Collected data
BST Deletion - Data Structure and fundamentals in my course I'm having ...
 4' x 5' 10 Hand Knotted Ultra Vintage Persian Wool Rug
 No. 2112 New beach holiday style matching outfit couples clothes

Brief
Print nothing but the lines from the one containing "4' x 5' 10 Hand" through the end of the listing above, exactly as written.

Written answer
 4' x 5' 10 Hand Knotted Ultra Vintage Persian Wool Rug
 No. 2112 New beach holiday style matching outfit couples clothes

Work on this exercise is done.